With bank-owned properties driving down housing prices and unemployment remaining high, Clear Capital analysts predict that home sale prices in the U.S. may fall another 2.4 percent in the coming six months. They credit the “limp” sales to low consumer confidence and a high volume of distressed properties.

However, there are five metro areas for which Clear Capital has slightly brighter hopes: Washington D.C., New York, Orlando, Dallas and San Fransisco. For areas like Virginia Beach, VA, Cleveland, Minneapolis, Chicago and Fresno, CA, however, Clear Capital projects weak markets for the next six months. Clear capital analysts believe that a “true and sustainable bottom” in the housing market has not yet been reached, but hope and believe that “home prices may reach bottom in the first quarter of 2012 assuming that Fed predictions about jobless rates falling in early 2012 to around 8 percent hold true.

However, it’s not all doom and gloom.
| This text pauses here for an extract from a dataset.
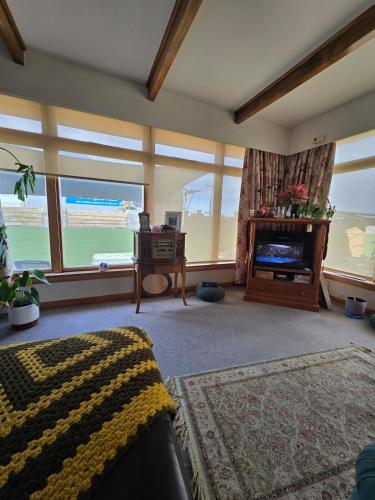 Beach 2BedGarage Sleeps 6 View Sea Hotpools & Pier – khách sạn tại New Brighton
Alex Villacorta, Clear Capital director of research and analytics, believes that the slight “seasonal blip” that historically happens when home buyers come out in the warmer months to buy could be a good sign that the depressed housing market is, finally, nearing the end of the decline[2]. “We haven’t seen any seasonal clip in some time…it is a sign that markets are returning to normalcy once again,” says Villacorta.

Do you think that we’re finally near the bottom? Have we reached it already?